WHAT THE TASK REQUIRES:
The required output is the exact run of lines below that opens at the line with "220312 Aurelia 25" and closes at the line with "English Mastiff dogs for sale: Betsy - Ad 2".

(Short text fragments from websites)
▬▬▬▬▬▬▬▬▬▬

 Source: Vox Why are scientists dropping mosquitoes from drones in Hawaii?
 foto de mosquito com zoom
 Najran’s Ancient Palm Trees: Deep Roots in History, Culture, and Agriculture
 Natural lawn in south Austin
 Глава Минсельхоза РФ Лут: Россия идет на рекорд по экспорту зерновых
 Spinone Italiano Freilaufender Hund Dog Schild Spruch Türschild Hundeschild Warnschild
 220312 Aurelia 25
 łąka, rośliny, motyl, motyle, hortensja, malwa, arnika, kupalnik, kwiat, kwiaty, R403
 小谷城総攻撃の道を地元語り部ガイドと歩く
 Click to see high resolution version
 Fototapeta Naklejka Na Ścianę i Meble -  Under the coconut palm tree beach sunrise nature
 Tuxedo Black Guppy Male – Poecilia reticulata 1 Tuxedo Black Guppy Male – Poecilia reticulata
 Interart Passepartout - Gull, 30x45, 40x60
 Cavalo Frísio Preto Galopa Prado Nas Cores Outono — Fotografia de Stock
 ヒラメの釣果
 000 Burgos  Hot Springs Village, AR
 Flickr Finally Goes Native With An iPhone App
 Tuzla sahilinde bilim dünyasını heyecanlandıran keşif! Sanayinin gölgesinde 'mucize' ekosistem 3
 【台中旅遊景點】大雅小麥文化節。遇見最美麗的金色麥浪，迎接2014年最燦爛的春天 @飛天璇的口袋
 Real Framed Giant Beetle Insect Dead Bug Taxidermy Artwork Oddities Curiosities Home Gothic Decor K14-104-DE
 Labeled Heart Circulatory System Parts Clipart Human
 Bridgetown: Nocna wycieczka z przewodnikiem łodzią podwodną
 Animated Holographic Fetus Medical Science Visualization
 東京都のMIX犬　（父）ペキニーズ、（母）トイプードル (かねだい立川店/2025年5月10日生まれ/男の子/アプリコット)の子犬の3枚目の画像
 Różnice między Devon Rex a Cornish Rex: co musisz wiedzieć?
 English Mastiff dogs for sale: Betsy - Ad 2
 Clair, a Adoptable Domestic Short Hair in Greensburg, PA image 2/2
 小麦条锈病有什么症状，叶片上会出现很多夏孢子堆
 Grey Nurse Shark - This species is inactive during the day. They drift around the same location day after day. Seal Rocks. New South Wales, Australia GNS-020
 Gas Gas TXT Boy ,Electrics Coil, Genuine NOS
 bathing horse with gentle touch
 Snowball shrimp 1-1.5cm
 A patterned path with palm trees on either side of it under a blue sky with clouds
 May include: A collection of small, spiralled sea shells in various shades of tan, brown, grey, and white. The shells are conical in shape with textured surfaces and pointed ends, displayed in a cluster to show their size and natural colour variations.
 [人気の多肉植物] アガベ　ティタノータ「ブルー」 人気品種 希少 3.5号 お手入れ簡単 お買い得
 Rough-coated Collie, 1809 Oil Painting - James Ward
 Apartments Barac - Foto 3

▬▬▬▬▬▬▬▬▬▬

THE COMPLETED TASK:
 220312 Aurelia 25
 łąka, rośliny, motyl, motyle, hortensja, malwa, arnika, kupalnik, kwiat, kwiaty, R403
 小谷城総攻撃の道を地元語り部ガイドと歩く
 Click to see high resolution version
 Fototapeta Naklejka Na Ścianę i Meble -  Under the coconut palm tree beach sunrise nature
 Tuxedo Black Guppy Male – Poecilia reticulata 1 Tuxedo Black Guppy Male – Poecilia reticulata
 Interart Passepartout - Gull, 30x45, 40x60
 Cavalo Frísio Preto Galopa Prado Nas Cores Outono — Fotografia de Stock
 ヒラメの釣果
 000 Burgos  Hot Springs Village, AR
 Flickr Finally Goes Native With An iPhone App
 Tuzla sahilinde bilim dünyasını heyecanlandıran keşif! Sanayinin gölgesinde 'mucize' ekosistem 3
 【台中旅遊景點】大雅小麥文化節。遇見最美麗的金色麥浪，迎接2014年最燦爛的春天 @飛天璇的口袋
 Real Framed Giant Beetle Insect Dead Bug Taxidermy Artwork Oddities Curiosities Home Gothic Decor K14-104-DE
 Labeled Heart Circulatory System Parts Clipart Human
 Bridgetown: Nocna wycieczka z przewodnikiem łodzią podwodną
 Animated Holographic Fetus Medical Science Visualization
 東京都のMIX犬　（父）ペキニーズ、（母）トイプードル (かねだい立川店/2025年5月10日生まれ/男の子/アプリコット)の子犬の3枚目の画像
 Różnice między Devon Rex a Cornish Rex: co musisz wiedzieć?
 English Mastiff dogs for sale: Betsy - Ad 2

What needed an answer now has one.